→ Given records
^^^^^^^^

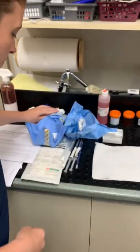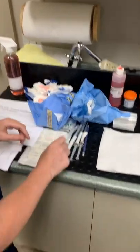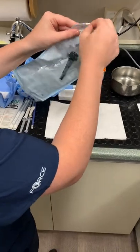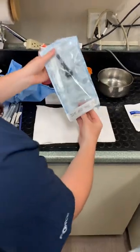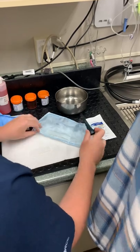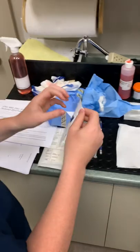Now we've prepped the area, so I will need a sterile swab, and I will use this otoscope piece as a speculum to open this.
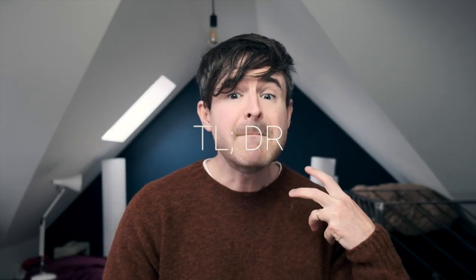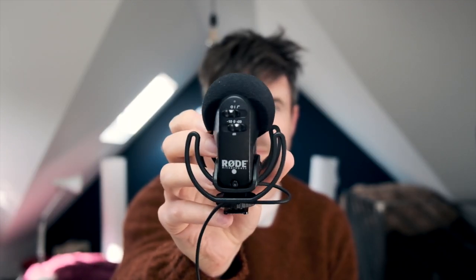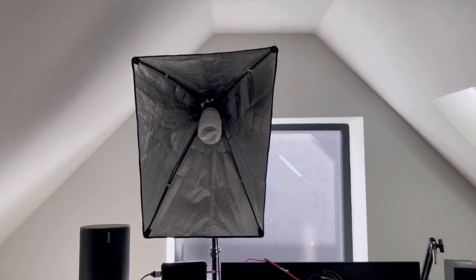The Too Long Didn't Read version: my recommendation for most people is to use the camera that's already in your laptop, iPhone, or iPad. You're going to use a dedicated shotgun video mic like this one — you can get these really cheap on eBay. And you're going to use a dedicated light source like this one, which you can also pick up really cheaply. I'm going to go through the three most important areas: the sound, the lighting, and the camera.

^^^^^^^^

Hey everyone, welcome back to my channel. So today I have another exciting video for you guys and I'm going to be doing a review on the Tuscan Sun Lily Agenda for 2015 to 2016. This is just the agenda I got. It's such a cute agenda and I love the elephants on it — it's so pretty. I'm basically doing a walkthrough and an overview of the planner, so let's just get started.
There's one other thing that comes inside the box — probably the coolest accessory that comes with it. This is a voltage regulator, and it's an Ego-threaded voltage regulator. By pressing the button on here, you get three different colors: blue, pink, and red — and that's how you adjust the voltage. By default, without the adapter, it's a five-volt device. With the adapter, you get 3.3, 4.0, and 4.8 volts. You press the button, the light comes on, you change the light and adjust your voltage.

^^^^^^^^

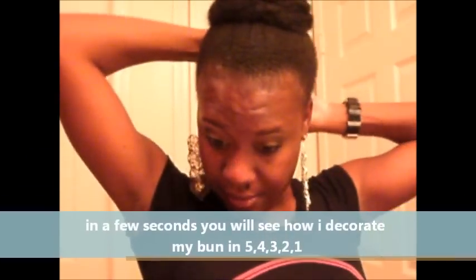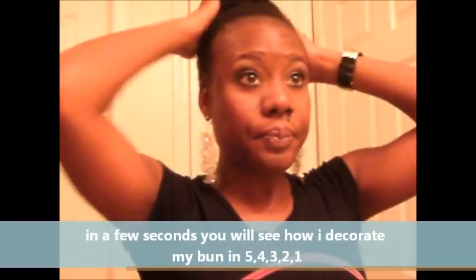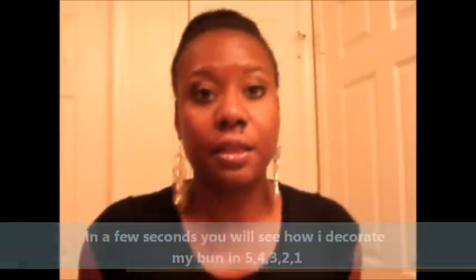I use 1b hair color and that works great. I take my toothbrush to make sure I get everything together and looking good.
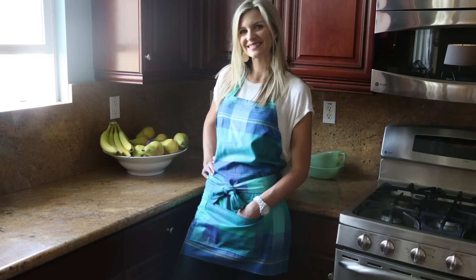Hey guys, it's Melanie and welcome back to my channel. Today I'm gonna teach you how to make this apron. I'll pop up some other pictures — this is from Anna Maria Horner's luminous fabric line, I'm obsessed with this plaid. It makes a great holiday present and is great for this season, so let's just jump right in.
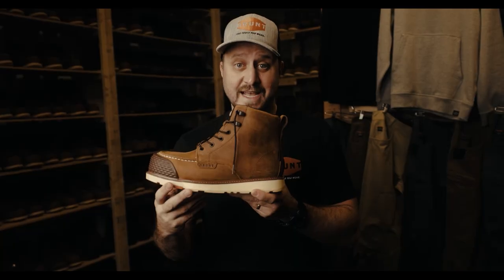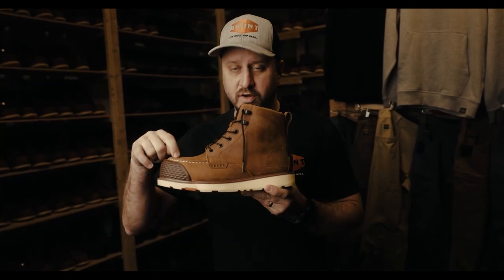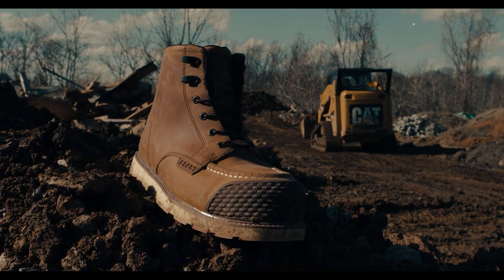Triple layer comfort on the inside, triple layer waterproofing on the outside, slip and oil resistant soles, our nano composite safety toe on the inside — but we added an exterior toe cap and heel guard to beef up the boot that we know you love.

^^^^^^^^

→ Task directions
Look above for the line with "Now we've prepped" and the line with "The Too Long". Give again exactly those two lines and all lines between them, pictures excluded.

→ Response to the exercise
Now we've prepped the area, so I will need a sterile swab, and I will use this otoscope piece as a speculum to open this.
The Too Long Didn't Read version: my recommendation for most people is to use the camera that's already in your laptop, iPhone, or iPad. You're going to use a dedicated shotgun video mic like this one — you can get these really cheap on eBay. And you're going to use a dedicated light source like this one, which you can also pick up really cheaply. I'm going to go through the three most important areas: the sound, the lighting, and the camera.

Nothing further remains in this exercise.